4. recommends that there be an external technical committee to review major contract specifications for completeness; simply giving a spec. to the vendor might not convey the importance of minimizing overall operational complexity because vendors do not use or normally maintain telescopes. It was also felt that this committee would develop more of a memory of issues as they developed throughout the project than would be the case if we simply populated design reviews with one-time participants.
5. recommends that the project aggressively explore AO with the expectation that additional funds will be found by the partnership to implement it in early operations. The goal is to have the system under construction as SOAR enters commissioning. Serious efforts to raise the necessary funds should therefore begin now, and design work should commence in about 1 year (the same timescale appropriate for the instruments.) Instrument designs should include provision for upgrade to AO when this makes sense scientifically.
6. developed consensus on project science goals.
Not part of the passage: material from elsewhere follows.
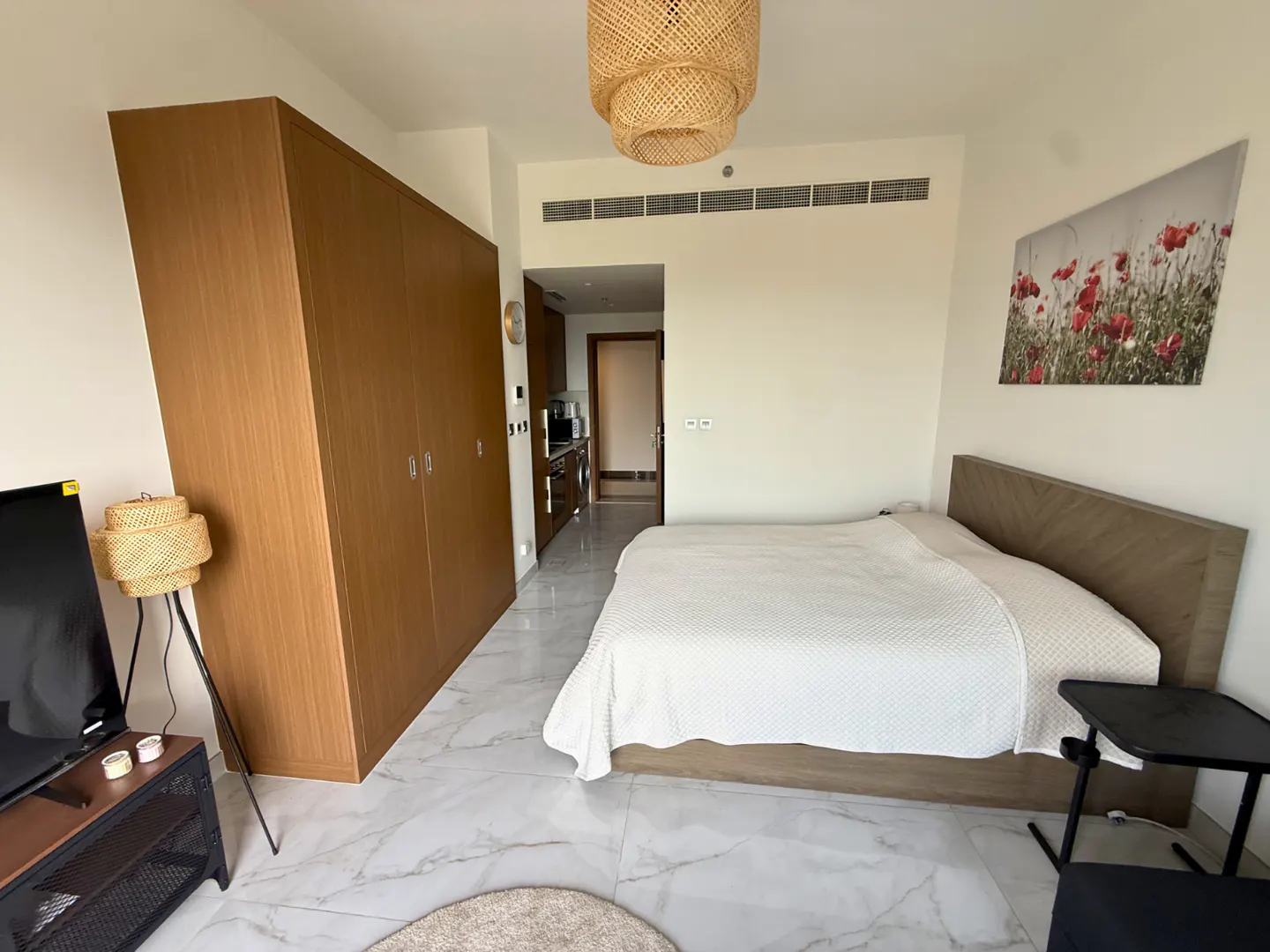 A studio apartment with a bed, wardrobe, TV, and kitchenette. The walls are white, and the floor is marble. A woven lamp hangs from the ceiling.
The refined Science Requirements draft will be released to the partnership for comments in early Dec.
7. To implement this science, the SAC has selected the following 5 instruments. They will be subjected to further study by sub-committees to sharpen the science goals. The aim is not to develop instruments by committee.
• IR imager: 3 pixel sampling at 0."08/pixel. A collimated beam is required for thermal baffling, and so an opportunity to install optics for spectral resolution. Increasing fov is secondary to optimal sampling in top-quartile conditions because SOAR will compete with the new 2m wide-field telescopes (they will be diffraction limited >1.5 microns) and Gemini (where SOAR is diffraction limited >3 microns compared to Gemini.) HgCdTe is acceptable if the IR spectrometer is InSb-based to provide 2.5 - 5 micron imagery via its acquisition mode.
• Optical imager: envisioned as a straight to focus imager w/ filter cassette. For both IR and optical imagers, the bigger FOV is better in terms of science (up to the very expensive size of the isokinetic patch.)
• high-throughput (>50%) bore-sight optical stellar spectrometer w/ R=5,000 to 30,000. Tradeoffs between image-slicing and UV transmission will be explored.  Goal is to make this instrument as inexpensive as possible consistent with high-throughput.
• 0.36 - 1.7 micron 2000+ element IFU @ center field suitable for AO, w/ a ring of apertures for sky subtraction. Provide an upgrade path to multi-fiber IFU's that cover a 15-arcmin field.
• limited spatial coverage IR spectrometer. Implement an image slice to deal with variable seeing, 1K^2 is the minimum acceptable format. R>5000 to work between OH lines, another R to put one full atmospheric band on the detector, and a cross-dispersed mode covering multiple bands.
• In addition, the SAC endorses (but cannot fund) the instrument efforts projected for CTIO, believing that the SOAR partnership will benefit from: an extension of Hydra-clone response to 1.7 microns, and a fiber-based bench-mounted replacement of the RC & echelle spectrometers.

Actions:

1. project the likely limitations of fibers & IFU microlenses (Diaz, Cecil, Baldwin)
• throughput calibration
• sky subtraction vs. slits
• light scatter in microlens arrays
• efficiency of narrow fibers/coherent fiber bundles vs. slits
• wavelength limits
2. is these a broad science case for spatial resolution provided by multi-IFU's vs. multi-slits? Quantify target density & desired spatial multiplex (McMahan, Simkin, Diaz, Elston)
3. establish maximum R in optical & IR where SOAR instruments would be readout vs. background noise-limited, general detection limits from simulations (Simkin, Elston)
4. settle on AO correction order for SOAR, quantify sky coverage goals & examine if we should skip an NGS system and go straight to an LGS solution if feasible (Baldwin, Diaz)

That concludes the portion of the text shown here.